In this notebook we will download data from the Amazon Product Reviews Dataset for 4 categories : computers, food & beverages, office supplies and industrial tools. We will then concatenate every category in one dataframe and apply some cleaning functions 

Let's start by importing some libraries !

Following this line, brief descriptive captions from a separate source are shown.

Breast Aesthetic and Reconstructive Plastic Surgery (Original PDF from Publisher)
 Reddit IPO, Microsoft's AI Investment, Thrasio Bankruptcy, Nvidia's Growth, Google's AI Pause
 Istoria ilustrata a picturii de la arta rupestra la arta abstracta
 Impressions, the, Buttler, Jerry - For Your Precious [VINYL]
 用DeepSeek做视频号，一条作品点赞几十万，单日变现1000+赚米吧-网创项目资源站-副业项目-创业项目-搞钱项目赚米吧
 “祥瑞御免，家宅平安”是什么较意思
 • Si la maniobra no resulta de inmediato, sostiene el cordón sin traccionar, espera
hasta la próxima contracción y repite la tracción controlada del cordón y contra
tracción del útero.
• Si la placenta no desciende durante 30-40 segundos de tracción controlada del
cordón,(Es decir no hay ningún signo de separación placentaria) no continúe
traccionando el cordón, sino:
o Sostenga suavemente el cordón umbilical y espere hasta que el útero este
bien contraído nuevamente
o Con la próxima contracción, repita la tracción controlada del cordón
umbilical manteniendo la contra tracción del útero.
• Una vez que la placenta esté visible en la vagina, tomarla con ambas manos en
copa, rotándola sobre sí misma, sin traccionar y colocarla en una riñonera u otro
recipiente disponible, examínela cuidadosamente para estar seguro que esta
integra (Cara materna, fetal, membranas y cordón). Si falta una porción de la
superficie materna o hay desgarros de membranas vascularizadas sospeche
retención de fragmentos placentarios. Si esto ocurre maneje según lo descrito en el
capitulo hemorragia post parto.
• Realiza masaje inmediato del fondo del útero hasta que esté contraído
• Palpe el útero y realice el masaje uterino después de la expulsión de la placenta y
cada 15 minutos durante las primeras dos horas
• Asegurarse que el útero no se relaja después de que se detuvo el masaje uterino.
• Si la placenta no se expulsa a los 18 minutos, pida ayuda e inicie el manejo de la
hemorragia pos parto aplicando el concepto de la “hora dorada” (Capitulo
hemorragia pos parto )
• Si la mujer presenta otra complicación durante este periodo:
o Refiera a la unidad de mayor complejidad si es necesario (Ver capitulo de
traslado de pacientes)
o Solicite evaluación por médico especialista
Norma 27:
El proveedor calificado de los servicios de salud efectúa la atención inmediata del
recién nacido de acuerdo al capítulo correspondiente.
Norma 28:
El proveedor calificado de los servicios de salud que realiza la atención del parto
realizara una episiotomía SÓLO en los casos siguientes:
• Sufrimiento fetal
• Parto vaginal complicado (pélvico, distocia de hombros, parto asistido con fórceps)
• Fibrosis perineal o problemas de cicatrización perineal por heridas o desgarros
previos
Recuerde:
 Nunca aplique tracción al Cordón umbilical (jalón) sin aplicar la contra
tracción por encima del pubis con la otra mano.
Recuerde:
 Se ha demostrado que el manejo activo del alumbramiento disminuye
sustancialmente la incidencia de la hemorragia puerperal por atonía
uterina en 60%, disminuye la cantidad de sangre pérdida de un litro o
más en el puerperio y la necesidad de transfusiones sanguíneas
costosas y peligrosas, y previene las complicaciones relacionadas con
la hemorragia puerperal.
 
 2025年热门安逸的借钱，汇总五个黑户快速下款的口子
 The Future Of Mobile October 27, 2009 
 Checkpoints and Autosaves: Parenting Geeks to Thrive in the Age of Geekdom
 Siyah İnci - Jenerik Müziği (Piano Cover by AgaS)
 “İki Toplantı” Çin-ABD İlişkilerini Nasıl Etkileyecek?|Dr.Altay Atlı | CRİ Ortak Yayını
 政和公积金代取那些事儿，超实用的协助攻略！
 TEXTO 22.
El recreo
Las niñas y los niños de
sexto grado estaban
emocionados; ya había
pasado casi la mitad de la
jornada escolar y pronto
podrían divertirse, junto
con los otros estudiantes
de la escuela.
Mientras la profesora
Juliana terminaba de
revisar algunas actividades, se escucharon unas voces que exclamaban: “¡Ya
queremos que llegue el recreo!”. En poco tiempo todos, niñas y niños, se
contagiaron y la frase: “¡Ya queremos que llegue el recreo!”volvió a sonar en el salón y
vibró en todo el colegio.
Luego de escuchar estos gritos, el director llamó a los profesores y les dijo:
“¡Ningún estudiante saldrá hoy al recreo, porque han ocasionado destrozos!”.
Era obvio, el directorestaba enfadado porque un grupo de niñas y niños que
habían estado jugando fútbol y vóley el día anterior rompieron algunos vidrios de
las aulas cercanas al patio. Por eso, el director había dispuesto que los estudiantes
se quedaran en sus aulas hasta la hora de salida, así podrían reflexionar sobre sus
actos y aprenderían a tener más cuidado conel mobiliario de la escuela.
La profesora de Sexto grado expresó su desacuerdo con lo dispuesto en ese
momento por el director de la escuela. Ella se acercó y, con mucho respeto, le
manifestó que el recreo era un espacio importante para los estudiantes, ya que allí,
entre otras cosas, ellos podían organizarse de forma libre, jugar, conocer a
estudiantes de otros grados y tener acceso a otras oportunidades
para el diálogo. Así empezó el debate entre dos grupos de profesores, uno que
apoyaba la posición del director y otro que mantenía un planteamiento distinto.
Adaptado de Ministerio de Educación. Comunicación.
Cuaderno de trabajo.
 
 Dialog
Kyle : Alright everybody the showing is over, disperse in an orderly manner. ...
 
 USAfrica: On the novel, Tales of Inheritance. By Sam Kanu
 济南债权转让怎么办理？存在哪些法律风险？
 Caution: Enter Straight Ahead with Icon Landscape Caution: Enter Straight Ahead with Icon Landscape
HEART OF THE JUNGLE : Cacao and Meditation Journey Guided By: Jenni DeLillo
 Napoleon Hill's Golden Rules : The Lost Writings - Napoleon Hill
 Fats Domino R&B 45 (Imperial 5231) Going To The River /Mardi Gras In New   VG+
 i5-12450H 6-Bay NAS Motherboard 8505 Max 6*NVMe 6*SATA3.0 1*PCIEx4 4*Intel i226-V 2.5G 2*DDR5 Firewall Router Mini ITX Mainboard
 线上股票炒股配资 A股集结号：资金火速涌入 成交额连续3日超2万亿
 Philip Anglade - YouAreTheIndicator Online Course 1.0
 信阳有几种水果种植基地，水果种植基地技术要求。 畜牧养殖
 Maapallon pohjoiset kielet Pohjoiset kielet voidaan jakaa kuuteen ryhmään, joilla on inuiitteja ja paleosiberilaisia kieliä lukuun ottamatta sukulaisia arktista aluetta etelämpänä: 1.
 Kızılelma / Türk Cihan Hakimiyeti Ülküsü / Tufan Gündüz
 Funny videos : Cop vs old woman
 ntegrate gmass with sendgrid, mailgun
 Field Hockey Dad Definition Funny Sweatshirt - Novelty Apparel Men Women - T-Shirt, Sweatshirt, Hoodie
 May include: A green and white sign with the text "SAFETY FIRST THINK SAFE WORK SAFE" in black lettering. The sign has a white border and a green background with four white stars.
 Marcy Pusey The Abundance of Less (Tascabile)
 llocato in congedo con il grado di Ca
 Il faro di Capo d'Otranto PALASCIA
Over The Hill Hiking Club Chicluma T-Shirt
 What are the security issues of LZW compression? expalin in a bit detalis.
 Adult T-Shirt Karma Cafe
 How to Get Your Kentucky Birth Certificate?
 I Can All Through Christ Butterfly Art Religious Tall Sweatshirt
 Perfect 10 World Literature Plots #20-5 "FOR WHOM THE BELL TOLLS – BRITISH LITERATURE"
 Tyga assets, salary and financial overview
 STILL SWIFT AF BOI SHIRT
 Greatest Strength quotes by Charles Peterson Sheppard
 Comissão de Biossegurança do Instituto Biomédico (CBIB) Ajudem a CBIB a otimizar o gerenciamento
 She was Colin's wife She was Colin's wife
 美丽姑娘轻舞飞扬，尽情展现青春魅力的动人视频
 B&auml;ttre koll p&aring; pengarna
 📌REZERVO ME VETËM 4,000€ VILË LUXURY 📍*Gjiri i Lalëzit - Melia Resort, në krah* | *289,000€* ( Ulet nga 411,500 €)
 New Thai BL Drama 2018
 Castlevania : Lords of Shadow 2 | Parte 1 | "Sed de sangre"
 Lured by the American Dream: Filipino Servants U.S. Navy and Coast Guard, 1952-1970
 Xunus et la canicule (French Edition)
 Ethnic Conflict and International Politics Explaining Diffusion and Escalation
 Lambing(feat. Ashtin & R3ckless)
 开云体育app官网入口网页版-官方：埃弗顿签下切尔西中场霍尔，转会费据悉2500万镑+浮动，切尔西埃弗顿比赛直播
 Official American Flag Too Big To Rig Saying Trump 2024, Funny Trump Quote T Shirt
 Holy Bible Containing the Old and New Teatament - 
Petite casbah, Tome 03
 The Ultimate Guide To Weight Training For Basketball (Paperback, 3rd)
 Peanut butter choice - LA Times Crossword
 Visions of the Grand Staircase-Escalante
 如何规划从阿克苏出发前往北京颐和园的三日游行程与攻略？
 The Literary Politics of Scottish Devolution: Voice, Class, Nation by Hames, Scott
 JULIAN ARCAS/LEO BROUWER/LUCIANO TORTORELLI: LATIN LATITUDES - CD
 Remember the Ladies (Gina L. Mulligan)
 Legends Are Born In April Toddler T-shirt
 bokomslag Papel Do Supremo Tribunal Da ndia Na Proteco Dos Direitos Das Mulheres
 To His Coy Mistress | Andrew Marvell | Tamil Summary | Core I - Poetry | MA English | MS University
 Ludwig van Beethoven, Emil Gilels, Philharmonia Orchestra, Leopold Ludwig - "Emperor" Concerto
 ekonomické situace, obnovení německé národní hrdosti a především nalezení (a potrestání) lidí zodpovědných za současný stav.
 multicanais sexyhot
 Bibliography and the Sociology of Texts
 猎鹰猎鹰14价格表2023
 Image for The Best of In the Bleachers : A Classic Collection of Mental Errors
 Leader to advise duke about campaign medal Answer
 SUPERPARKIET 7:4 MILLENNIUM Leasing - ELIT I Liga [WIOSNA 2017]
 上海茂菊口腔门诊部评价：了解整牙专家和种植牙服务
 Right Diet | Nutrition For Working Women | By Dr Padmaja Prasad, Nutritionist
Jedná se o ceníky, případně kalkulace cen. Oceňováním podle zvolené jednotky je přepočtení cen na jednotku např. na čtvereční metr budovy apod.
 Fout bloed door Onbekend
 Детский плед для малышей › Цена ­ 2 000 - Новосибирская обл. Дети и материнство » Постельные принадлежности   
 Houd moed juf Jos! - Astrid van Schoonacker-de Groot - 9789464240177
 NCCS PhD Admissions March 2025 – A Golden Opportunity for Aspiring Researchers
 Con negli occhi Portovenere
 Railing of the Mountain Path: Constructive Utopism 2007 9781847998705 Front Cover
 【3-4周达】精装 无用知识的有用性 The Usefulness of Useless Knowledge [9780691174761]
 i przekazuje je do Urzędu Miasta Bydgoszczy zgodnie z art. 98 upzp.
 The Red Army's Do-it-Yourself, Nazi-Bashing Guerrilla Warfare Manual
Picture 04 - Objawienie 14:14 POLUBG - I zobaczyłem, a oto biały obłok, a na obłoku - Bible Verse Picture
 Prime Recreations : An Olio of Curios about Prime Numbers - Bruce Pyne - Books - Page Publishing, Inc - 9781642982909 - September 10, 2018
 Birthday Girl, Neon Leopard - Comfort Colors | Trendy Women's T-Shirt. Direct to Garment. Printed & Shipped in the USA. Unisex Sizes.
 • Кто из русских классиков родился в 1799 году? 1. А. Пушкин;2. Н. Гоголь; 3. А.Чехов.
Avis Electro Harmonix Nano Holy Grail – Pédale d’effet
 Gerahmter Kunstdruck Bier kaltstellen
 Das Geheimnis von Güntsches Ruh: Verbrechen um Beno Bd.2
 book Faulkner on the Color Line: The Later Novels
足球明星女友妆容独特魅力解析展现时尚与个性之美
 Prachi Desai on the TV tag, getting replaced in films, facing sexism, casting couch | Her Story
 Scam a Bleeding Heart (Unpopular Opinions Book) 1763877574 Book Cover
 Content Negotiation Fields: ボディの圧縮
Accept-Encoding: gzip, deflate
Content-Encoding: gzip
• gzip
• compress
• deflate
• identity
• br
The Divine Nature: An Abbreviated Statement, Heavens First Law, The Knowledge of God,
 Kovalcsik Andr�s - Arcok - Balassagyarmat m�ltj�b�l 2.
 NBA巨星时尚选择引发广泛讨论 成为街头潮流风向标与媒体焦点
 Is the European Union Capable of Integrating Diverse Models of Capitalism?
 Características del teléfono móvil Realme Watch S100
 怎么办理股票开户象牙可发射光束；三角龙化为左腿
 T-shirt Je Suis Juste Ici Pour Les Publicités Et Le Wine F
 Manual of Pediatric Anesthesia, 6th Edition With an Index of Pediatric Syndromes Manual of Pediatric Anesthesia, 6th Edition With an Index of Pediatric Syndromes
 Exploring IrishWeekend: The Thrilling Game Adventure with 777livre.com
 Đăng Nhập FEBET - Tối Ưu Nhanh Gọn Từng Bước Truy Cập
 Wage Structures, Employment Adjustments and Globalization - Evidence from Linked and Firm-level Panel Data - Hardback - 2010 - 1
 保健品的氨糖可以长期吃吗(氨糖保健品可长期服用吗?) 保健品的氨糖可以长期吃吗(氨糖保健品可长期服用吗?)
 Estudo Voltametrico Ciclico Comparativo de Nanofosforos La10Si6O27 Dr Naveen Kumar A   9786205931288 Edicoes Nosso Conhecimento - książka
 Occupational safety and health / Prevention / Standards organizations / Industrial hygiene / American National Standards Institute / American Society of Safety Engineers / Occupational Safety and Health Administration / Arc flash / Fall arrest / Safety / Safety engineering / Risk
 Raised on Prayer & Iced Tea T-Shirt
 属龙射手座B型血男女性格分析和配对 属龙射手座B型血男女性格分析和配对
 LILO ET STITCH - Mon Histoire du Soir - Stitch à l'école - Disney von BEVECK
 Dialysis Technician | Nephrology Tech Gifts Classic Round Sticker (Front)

**Important note:** You should run this notebook for every amazon category file, then concat the results in one dataframe.

In [None]:
import os
import json
import gzip
import pandas as pd
from urllib.request import urlopen

Let's download the dataset for Food & Beverage (you need to do the same for every category you wish to include) , you can fin the links here : https://nijianmo.github.io/amazon/index.html

In [None]:
!wget http://deepyeti.ucsd.edu/jianmo/amazon/metaFiles2/meta_Grocery_and_Gourmet_Food.json.gz

--2022-01-04 17:13:53--  http://deepyeti.ucsd.edu/jianmo/amazon/metaFiles2/meta_Grocery_and_Gourmet_Food.json.gz
Resolving deepyeti.ucsd.edu (deepyeti.ucsd.edu)... 169.228.63.50
Connecting to deepyeti.ucsd.edu (deepyeti.ucsd.edu)|169.228.63.50|:80... connected.
HTTP request sent, awaiting response... 200 OK
Length: 109586529 (105M) [application/octet-stream]
Saving to: ‘meta_Grocery_and_Gourmet_Food.json.gz’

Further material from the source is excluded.